Dr. Mike from the Statistics Learning Center and Creative Mess introduces the concept of statistical significance, explaining the difference between its everyday meanings ('big' or 'important') and its specific use in statistical analysis. He clarifies that statistical significance indicates evidence from a sample that an effect exists in the population, which is often misunderstood as being 'big' or 'important'. The video emphasizes the importance of the p-value, which is used to determine if the observed effect in a sample is indicative of a real effect in the population or could have occurred by chance. A p-value less than 0.05 is typically considered statistically significant, leading to the rejection of the null hypothesis. Dr. Mike also discusses the impact of sample size on statistical significance, noting that a large sample size can render even small effects statistically significant, while a very small sample may not show significance unless the effect is very large. He advises on the appropriate use of the term 'statistically significant' in reports and suggests alternative words like 'notable', 'remarkable', 'compelling', 'measurable', or 'large' to convey the magnitude of the effect.

Mindmap
Keywords
πŸ’‘Statistical Significance
Statistical significance refers to a measure used in statistics to determine if the results of a study are not due to chance. It is a core concept in the video as it explains how to interpret the results of a study. For instance, if a p-value is less than 0.05, the result is considered statistically significant, indicating that the effect observed in the sample likely exists in the population.
πŸ’‘P-value
A p-value is the probability of obtaining results as extreme as the observed results of a study, assuming that the null hypothesis is true. It is key in determining statistical significance. The video mentions that a p-value less than 0.05 is typically used to reject the null hypothesis, suggesting that the observed effect is statistically significant.
πŸ’‘Sample
A sample is a subset of a population that is used for statistical analysis. The video emphasizes the importance of understanding the concept of a sample and how it relates to the population. The size and representativeness of a sample can greatly influence the statistical significance of the results.
πŸ’‘Population
The population in statistical terms refers to the entire group that is being studied or about which inferences are being made. The video discusses how the results from a sample are used to make inferences about the population, which is central to understanding statistical significance.
πŸ’‘Null Hypothesis
The null hypothesis is a default assumption that there is no effect or no relationship between variables being studied. It is a fundamental concept in the video as it is what researchers aim to reject when they find statistically significant results. For example, the video states that rejecting the null hypothesis indicates that there is an effect in the population.
πŸ’‘Effect Size
Effect size is a measure of the magnitude of a phenomenon or the strength of the relationship between variables. The video points out that something can be statistically significant but have a very small effect size, which may not be practically significant. This concept is important for understanding the practical implications of statistical findings.
πŸ’‘Sampling Error
Sampling error is the difference between the characteristics of a sample and those of the population from which it is drawn.

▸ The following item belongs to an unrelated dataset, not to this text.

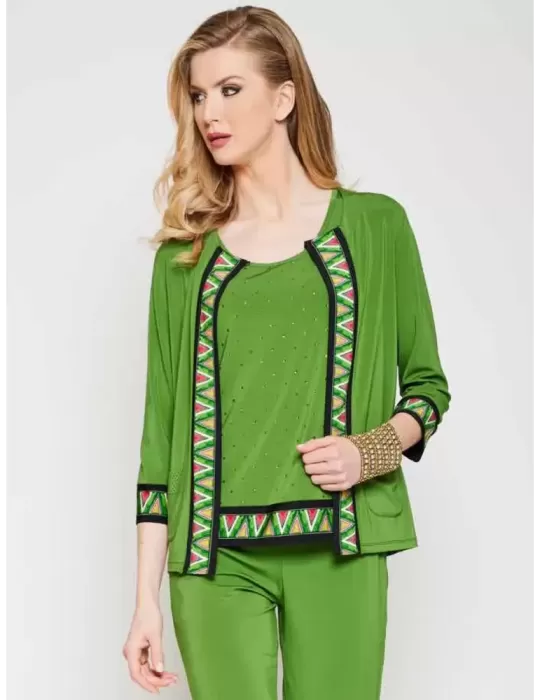 Francesca Mercuriali | Twinset verde con profilo etnico fino alla 58 Francesca Mercuriali | Twinset verde con profilo etnico fino alla 58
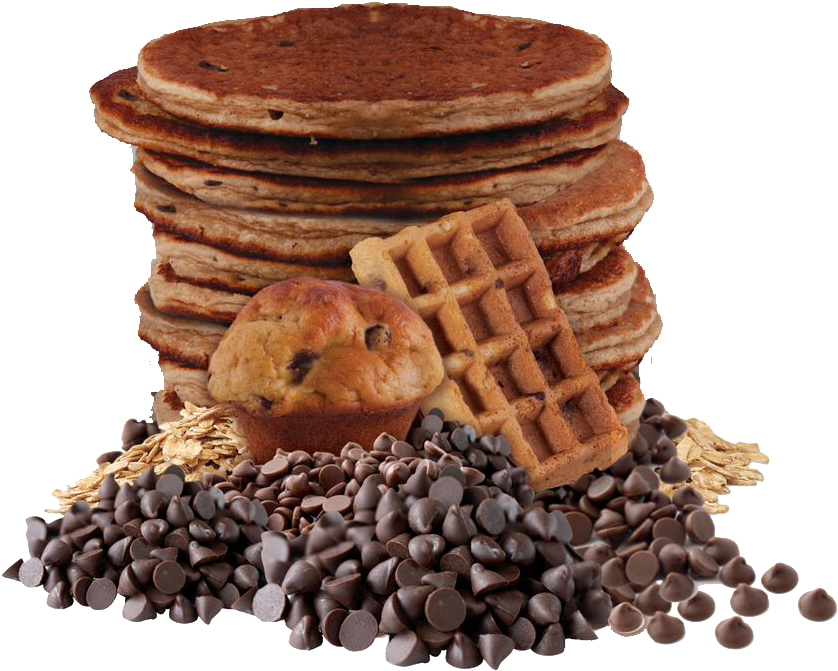 Stacked Pancakesand Chocolate Chips Transparent Background PNG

The video discusses how sampling error can affect the results of a study and how statistical significance is used to determine if the observed effects are likely due to the population or simply due to chance.
πŸ’‘Inference
Inference in statistics is the process of drawing conclusions about a population based on data from a sample. The video briefly mentions the importance of understanding inference to grasp the concept of statistical significance, as it involves making generalizations from the sample to the larger population.
πŸ’‘Confidence Intervals
Confidence intervals provide a range that likely contains an unknown population parameter with a specified level of confidence. The video suggests that understanding confidence intervals is important for understanding statistical significance, as they give a range of values within which the true population parameter is estimated to lie.
πŸ’‘Large Sample
A large sample refers to a sizeable subset of the population used for statistical analysis. The video explains that with a very large sample, even a small effect can be statistically significant because the sample is a good representation of the population, which can lead to the misconception that significance equates to practical importance.
πŸ’‘Small Sample
A small sample is a limited subset of the population used in a study. The video notes that with a small sample, it is less likely that the results will be statistically significant unless the effect size is very large. This is important as it affects the power of the study to detect an effect.
πŸ’‘Language and Context
The video emphasizes the difference between everyday language and statistical language, particularly with the term 'significant'. It is crucial for understanding the video's message that 'significant' in a statistical context does not necessarily imply 'big' or 'important', which is a common misconception.
Highlights

Statistical significance is often misunderstood due to its different meanings in everyday language compared to statistical language.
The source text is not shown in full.